Great Songs From TV Shows

Music is a great way to convey emotion, and today’s TV shows are undoubtedly aware of this. I can’t tell you how many times I’ve gotten choked up when a show plays the right song at the perfect moment. With this spirit in mind, I’ve put together a list of some great songs that I love today, but only know because they were featured in TV shows.

Ripple- The Grateful Dead (from Freaks and Geeks)

The Grateful Dead are a staple of any road trip playlist I put together today, but the truth is, I never really listened to them before Lindsey got on that bus to end Freaks and Geeks. I love that show for a long list of reasons, and introducing me to The Grateful Dead is right up there at the top. This song helped create the perfect ending to a damn-near perfect show, and it will always have a special place in my heart.

I Will Wait for You- Connie Francis (from Futurama)

This song put the finishing touch on what I maintain is the saddest moment ever displayed on a TV screen. To this day, I genuinely cannot listen to this song without thinking about that dog sitting on a street corner waiting for Fry. The vocals are beautiful, the instrumental is haunting and the imagery is heart-breaking. I can’t even talk about this anymore without getting sad. Next!

Little Boxes- Malvina Reynolds (Weeds)

It might be cheating, considering Little Boxes is the Weeds theme song, but this song is just so catchy. Its quirky style and critique of suburban America fit the show perfectly, and the song is just so catchy. Plus, the show took to having artists like Elvis Costello, Death Cab for Cutie, The Shins and so much more come in and cover Little Boxes for later episodes. How great is that? This song is one of the all-time great TV themes and definitely deserves this spot on my list.

Committed to the Crime- Chaos Chaos (from Rick and Morty)

Rick and Morty is a leader in a growing trend of adult cartoons with really great soundtracks. When the show’s not getting schwifty or singing about moonmen, it’s using really great music to punctuate some really impactful moments. This song played during arguably the darkest moment of the show so far (and that’s saying something with Rick and Morty), and the result is a darkly beautiful moment.

It Never Rains In Southern California- Albert Hammond (from Veronica Mars)

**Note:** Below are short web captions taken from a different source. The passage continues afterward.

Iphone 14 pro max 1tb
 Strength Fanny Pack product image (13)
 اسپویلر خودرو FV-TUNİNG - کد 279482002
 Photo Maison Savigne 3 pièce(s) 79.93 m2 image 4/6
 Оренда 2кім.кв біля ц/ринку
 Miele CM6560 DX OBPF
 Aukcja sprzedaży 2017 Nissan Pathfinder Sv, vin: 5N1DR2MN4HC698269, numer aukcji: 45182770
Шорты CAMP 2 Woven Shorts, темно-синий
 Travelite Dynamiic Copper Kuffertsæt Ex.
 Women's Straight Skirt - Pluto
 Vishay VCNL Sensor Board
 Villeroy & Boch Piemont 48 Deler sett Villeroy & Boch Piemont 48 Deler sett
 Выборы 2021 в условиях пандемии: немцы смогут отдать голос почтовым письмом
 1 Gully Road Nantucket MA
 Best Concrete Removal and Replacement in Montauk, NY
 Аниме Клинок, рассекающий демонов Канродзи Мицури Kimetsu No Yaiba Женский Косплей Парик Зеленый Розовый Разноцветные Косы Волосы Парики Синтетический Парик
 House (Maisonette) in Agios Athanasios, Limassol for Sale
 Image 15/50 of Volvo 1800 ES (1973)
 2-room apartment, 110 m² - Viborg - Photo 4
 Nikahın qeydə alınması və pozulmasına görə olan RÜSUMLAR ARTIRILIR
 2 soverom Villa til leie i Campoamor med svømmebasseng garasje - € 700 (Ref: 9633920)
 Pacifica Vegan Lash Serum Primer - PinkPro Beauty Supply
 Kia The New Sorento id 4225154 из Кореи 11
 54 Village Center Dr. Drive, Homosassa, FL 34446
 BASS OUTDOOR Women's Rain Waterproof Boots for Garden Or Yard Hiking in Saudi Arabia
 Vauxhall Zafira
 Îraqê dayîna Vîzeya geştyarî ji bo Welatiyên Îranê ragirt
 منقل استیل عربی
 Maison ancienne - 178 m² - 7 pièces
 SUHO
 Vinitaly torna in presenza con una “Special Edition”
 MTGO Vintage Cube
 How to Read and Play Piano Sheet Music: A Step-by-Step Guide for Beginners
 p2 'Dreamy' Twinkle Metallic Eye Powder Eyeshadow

I’d be lying if I said I ever really got into this show, but I did get invested in these characters enough to skip ahead and watch the season 3 finale. This song had just the right combination of catchy melodies and sad sentiment to get stuck in my head, and usually sits somewhere alongside Ripple on my road trip playlists.

Blooming Flowers and the Full Moon- Zhou Xuan (from Master of None)

A lot of these songs are used to punctuate sad moments, so it’s always nice when a show can use great music in different, happier and more creative ways. That’s the case with this next song and show combination. This is a genre I would have never listened to in a million years, but Master of None does a really good job of adding emotional weight to this really creative song choice. Master of None has arguably the best soundtrack in any TV show, and this particular episode stood out in my mind as being musically spectacular. Hell, it opens with T.R.O.Y.’s prolific saxophone riff and manages to work in songs like Blooming Flowers and the Full Moon. Any show that can go from great 90’s hip-hop to jazz music from the far east deserves to be recognized for its soundtrack.

Sea of Dreams- Oberhofer (from Bojack Horseman)

From its title track (written by Patrick Carney of The Black Keys) to the end credits song (by Grouplove) to all the great music in-between, Bojack Horseman is a deep well of really great music. It was tough to pick just one song, but Oberhofer’s Sea of Dreams eventually took the top spot. This song put a bow on one of the greatest episodes of TV ever made (in my humble opinion), has had a permanent spot in my melancholy playlists ever since and introduced me to a really great band. Not bad for an animated comedy about a talking horse.

Dayman- Charlie Day (I guess) (from It’s Always Sunny in Philadelphia)

Yeah, yeah, I know. This isn’t a real song, but it’s still great. Plus, how many times did you and your friends walk around yelling/ singing this song (I really hope you did, otherwise I’m gonna feel pretty weird).